In Henry v. Beattie (1968), 40 Wis. 2d 704, 708, 162 N. W. 2d 613, the appeal was dismissed and it was emphasized that "[e]ven under this modification, however, an appealable order or judgment must be involved in the case before this court has jurisdiction."

Ronzani v. State (1964), 24 Wis. 2d 512, 129 N. W. 2d 143, is distinguishable because in that case the lower court had jurisdiction and the statute was held to have cured the mere technical error of attempting to have two judgments reviewed by one writ of error.

Since the lower court in this case was without jurisdiction to entertain the defendant's untimely motions, it follows that this court is without jurisdiction to review the lower court's void order denying those motions.

*583a It is also suggested that this court acquired jurisdiction because the two writs of error were issued. We would respond to this argument by stating that a review of the record reflects the writs were improvidently issued.

Defendant submits that even if this court concludes it is without jurisdiction to review the judgment and the order denying the motion for a new trial, which we do, that this court should consider the motion for a new trial to have been a motion for postconviction relief under sec. 974.06, Stats. This we are not inclined to do. If we were to do so, it would result in a complete abrogation of the limitations prescribed by the legislature in sec. 974.03 by judicial fiat.

By the Court.—Writs dismissed.

The following memorandum was filed November 27, 1973.

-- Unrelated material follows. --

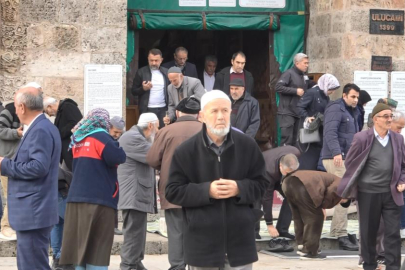 Bursa Ulu Cami’de Filistin halkı için dua edildi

PER CURIAM (on motion for rehearing).

The only issue before the court was the timeliness of the issuance of the writs of error. However, on reconsideration, we conclude that the statement, "The statutory time limits have an important bearing in a case such as this since the right to appeal a criminal conviction is strictly a statutory right," may be interpreted to hold that the right to appeal in any criminal case is a statutory right only. Art. I, sec. 21, of the Wisconsin Constitution provides that, "Writs of error shall never be prohibited by law." This we conclude gives the constitutional right of appeal in criminal cases of a nature that were appealable at the time of adoption of the constitution. Any language appearing in previous cases that appears to hold that all right of appeal is statutory only is withdrawn.

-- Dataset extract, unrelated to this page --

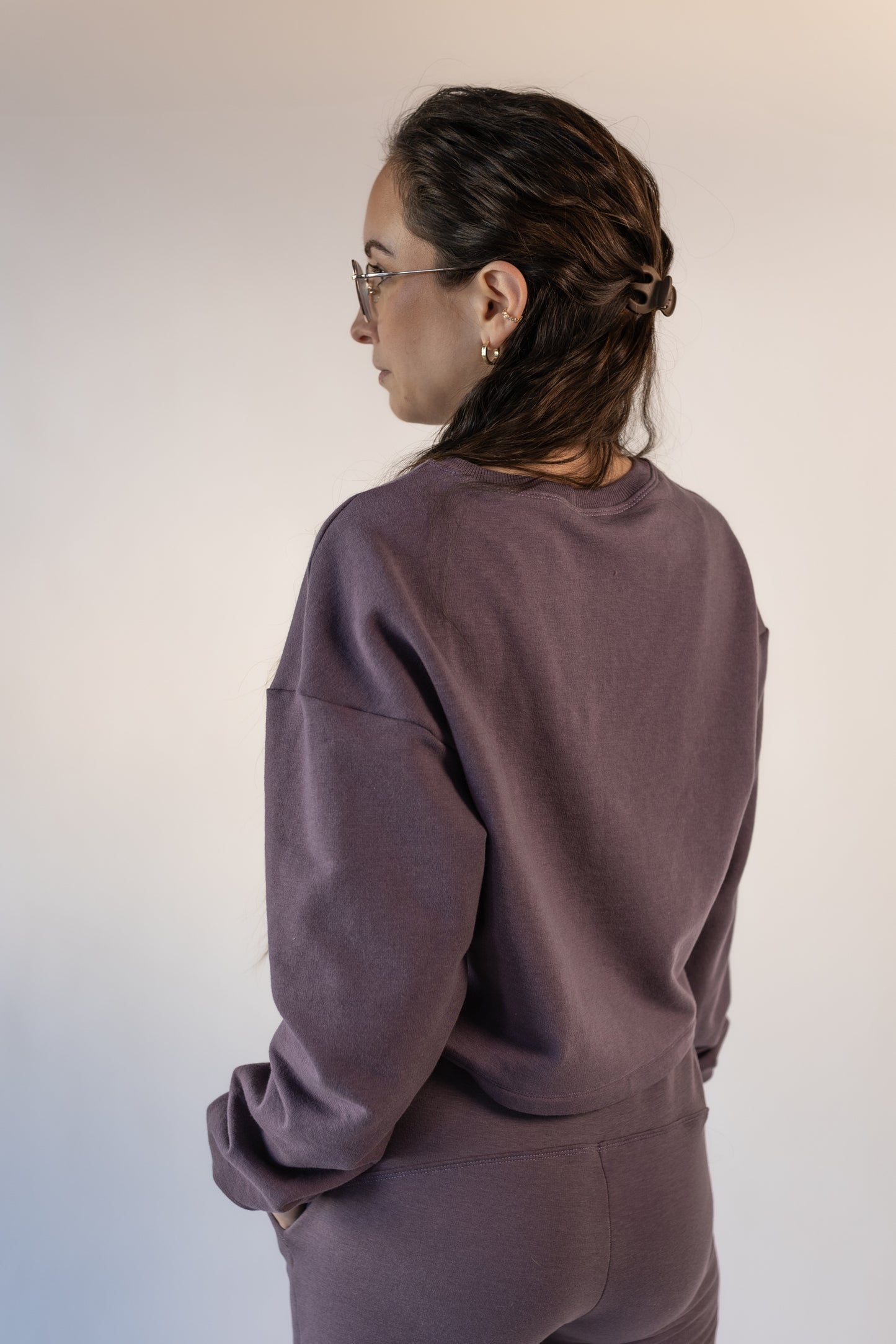 Women's 2pc set Jogger and Modest Crop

The time, however, within which an appeal may be taken or a writ of error issued is statutory, and the failure to timely act deprives this court of subject matter jurisdiction. (Rehearing denied.)

NOTES

[*] Motion for rehearin denied, withour costs, on November 27, 1973.

[1] See also: 21 Am. Jur. 2d, Criminal Law, p. 400, sec. 378. In Raskin, supra, page 45, it was explained that "Although jurisdiction of subject matter is derived from law and cannot be waived nor conferred by consent, this is not true of jurisdiction over the person. Several Wisconsin cases have held that by entering a plea of not guilty at his arraignment, a defendant has submitted to the jurisdiction of the circuit court over his person. . . ."

[2] Galloway v. State (1966), 32 Wis. 2d 414, 145 N. W. 2d 761, 147 N. W. 2d 542.

[3] State v. Beals (1971), 52 Wis. 2d 599, 191 N. W. 2d 221; State v. Koopman (1967), 34 Wis. 2d 204, 148 N. W. 2d 671.

[*] Clarified in memorandum opinion on motion for rehearing, post, p. 583a.